The task:
Using the records below, transcribe exactly only the lines from the one with "Overhead shot of" through the end, both included, and drop every picture.

Records to process:

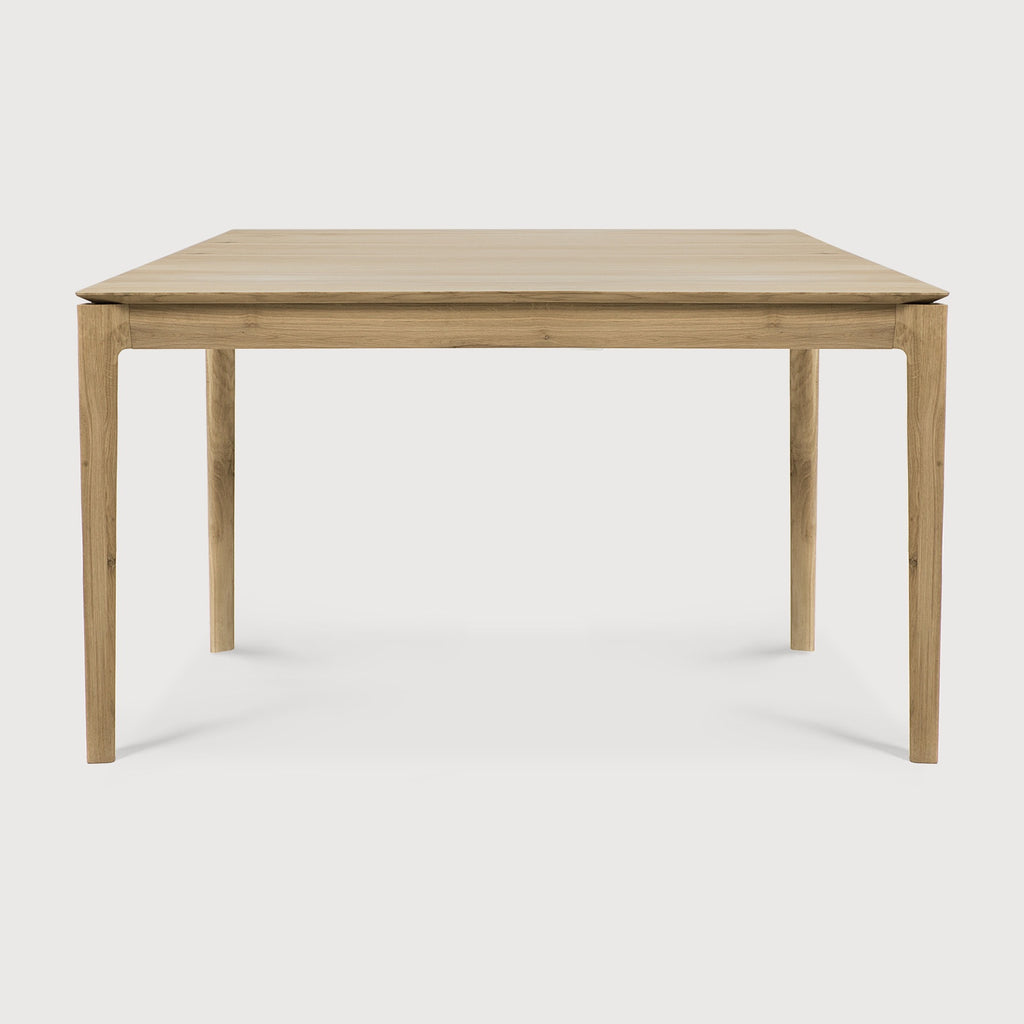 Small White Oak Bok Dining Table side view with white background, featuring floating table top and beautiful wood joinery. - Saffron and Poe, Ethnicraft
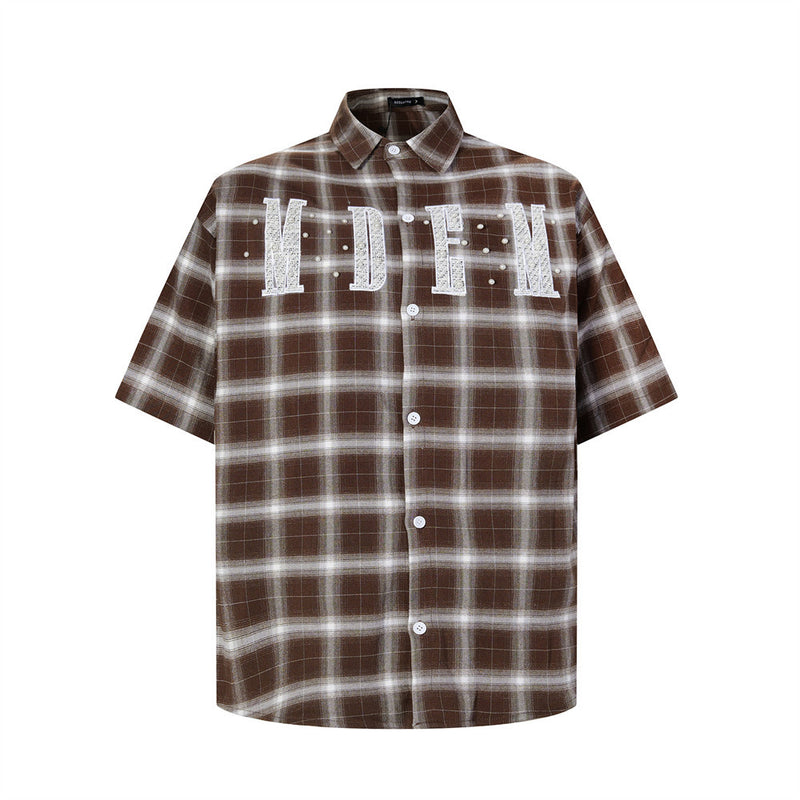 Oversized plaid short-sleeve shirt with embroidered letter patch and pearl studs in brown colorway, front view
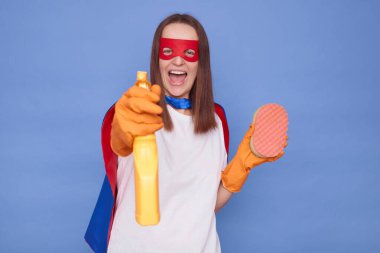 Heyecanlı kahverengi saçlı, süper kahraman maskesi takan ve koruyucu eldiven takan mavi arka planda izole edilmiş bir şekilde duran elinde deterjan spreyi ve süngerle temizliğe yardım etmeye hazır bir kadın.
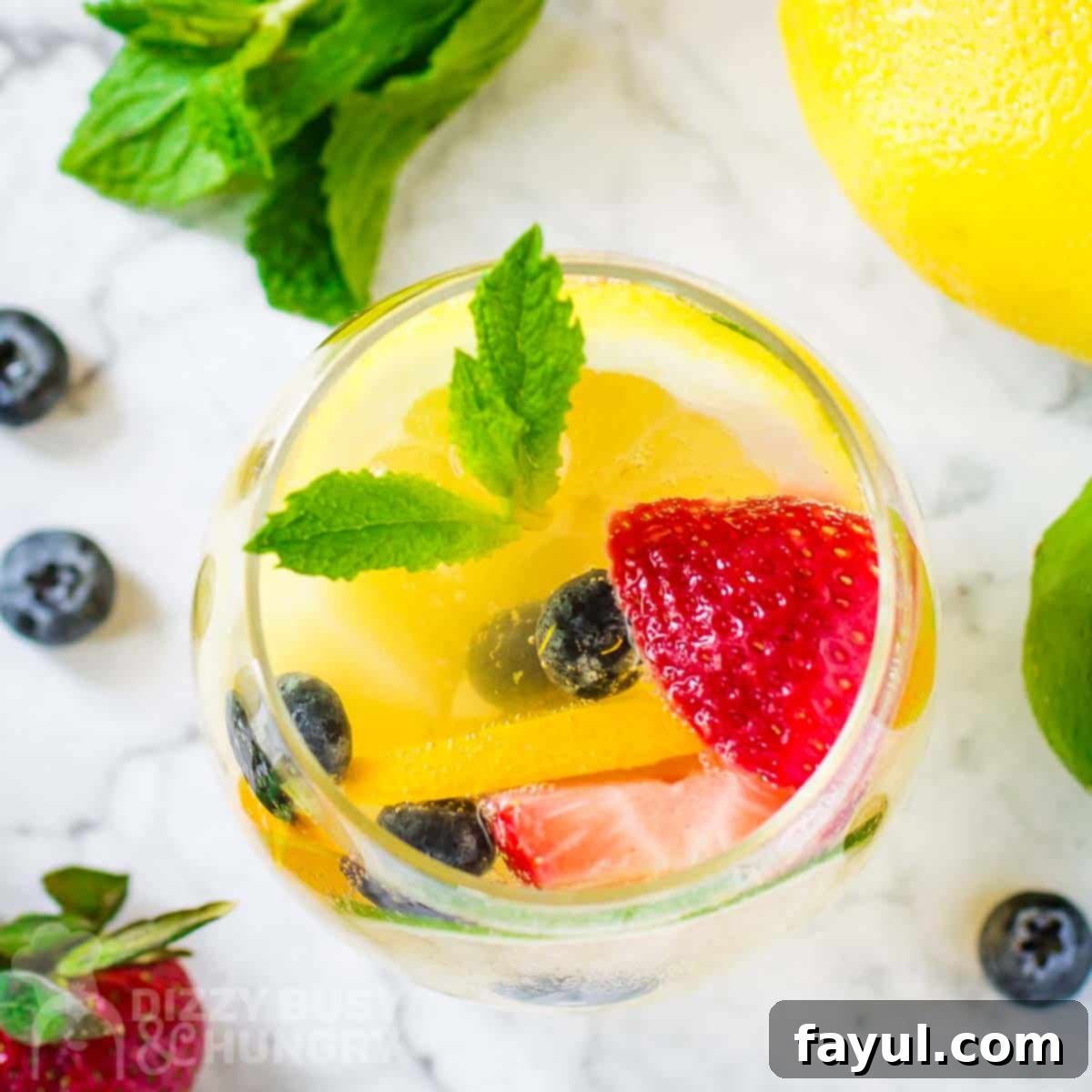 Overhead shot of a glass wine tumbler with sangria garnished with mint and fruits on a marble surface with fruits scattered around.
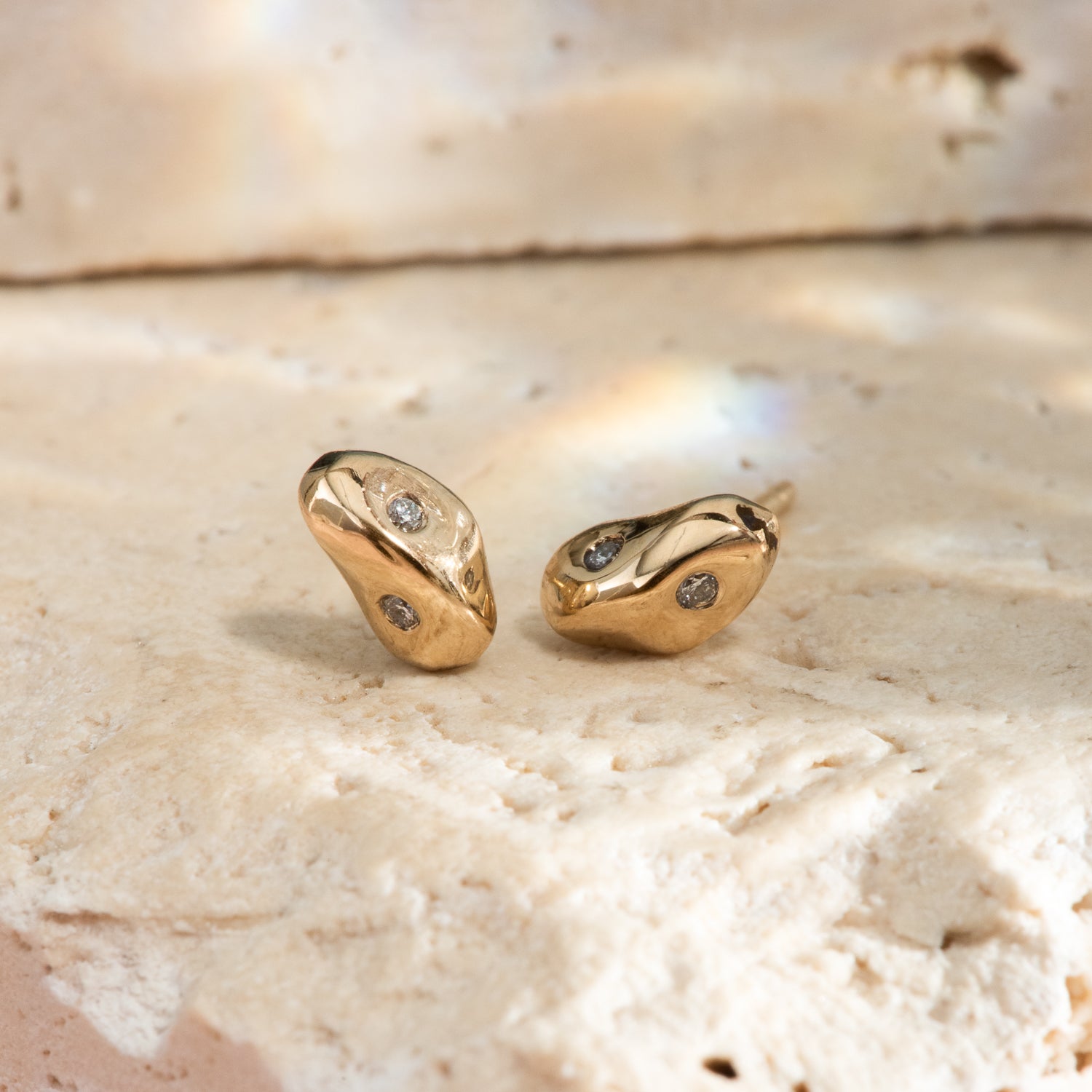 Irregular, pebble shaped yellow gold stud earrings, each with 2 flush set small diamonds.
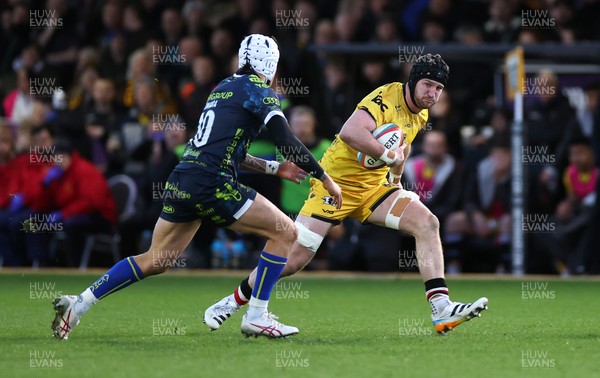 280226 - Dragons RFC v Benetton Rugby - United Rugby Championship - Evan Minto of Dragons is challenged by Jacob Umaga of Benetton Rugby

Written solution:
 Overhead shot of a glass wine tumbler with sangria garnished with mint and fruits on a marble surface with fruits scattered around.
 Irregular, pebble shaped yellow gold stud earrings, each with 2 flush set small diamonds.
 280226 - Dragons RFC v Benetton Rugby - United Rugby Championship - Evan Minto of Dragons is challenged by Jacob Umaga of Benetton Rugby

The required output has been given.